There are many reasons for bugs, ranging from errors in the design that lead to functional and performance bugs, through compiler and architecture bugs, to bugs caused by under-specification.
In the PTA project, we develop a framework that allows users to find such hidden bugs in network hardware. PTA is a Portable Test Architecture that allows a user to easily design and port tests between devices. The framework is programmable, using P4, and configurable, so a single P4 program allows users to run many different tests of their device. This is especially important in programmable network-devices, such as programmable switches or SmartNICs, where the same device can be used to run many different data plane programs. In the field, data-plane programs can change all the time, and a vendor can not validate the device functionality as they could with fixed-function network devices.

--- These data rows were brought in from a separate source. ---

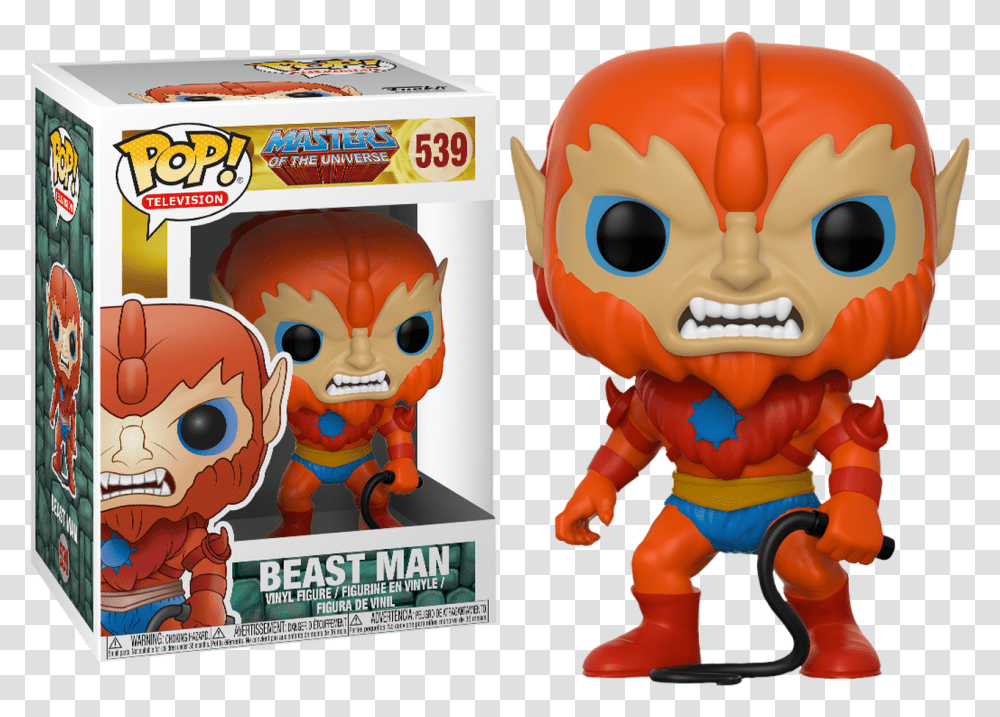 Masters Of The Universe Funko Pop Masters Of The Universe Beast Man, Toy, Label, Word Transparent Png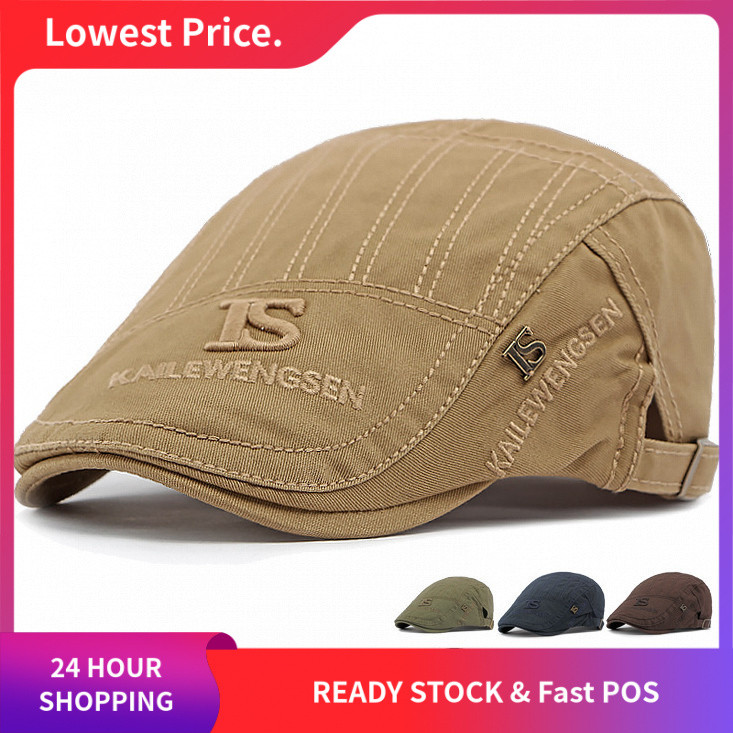 HÀNG CÓ SẴN  CODMũ Nam Xuân Hè Cotton Đạt Đỉnh Mũ Anh Retro Thời Trang Advance Mũ Nữ Mũ Beret Thanh Niên
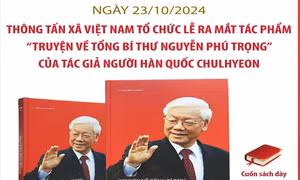 Tác phẩm 'Truyện về Tổng Bí thư Nguyễn Phú Trọng' của tác giả người Hàn Quốc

The PTA architecture, shown in the figure below, combines a programmable test packet generator and a programmable checker, both controlled by an external host. Beyond directly writing tests, PTA is also integrated with P4v, a well known P4 verifying tool. Tests written in P4v during the design stage can be automatically translated and run by PTA. This ensures that the validation stage runs identical tests to the verification stage (and more!).
PTA was implemented and tested on two platform: Intel Barefoot Tofino (ASIC) and NetFPGA SUME (FPGA). Using PTA, we have found a range of bugs on both platforms, and across all range of bug types. Examples include compiler bugs (e.g., byte swapping), under specification (e.g., parser's reject), performance bugs (throughput loss for certain packet sizes) and more. We even found a NetFPGA architecture bug that was hidden for over 10 years and in multiple generations of the platform!
The PTA paper is published in ACM CoNEXT 2020, and we are making PTA open for the community.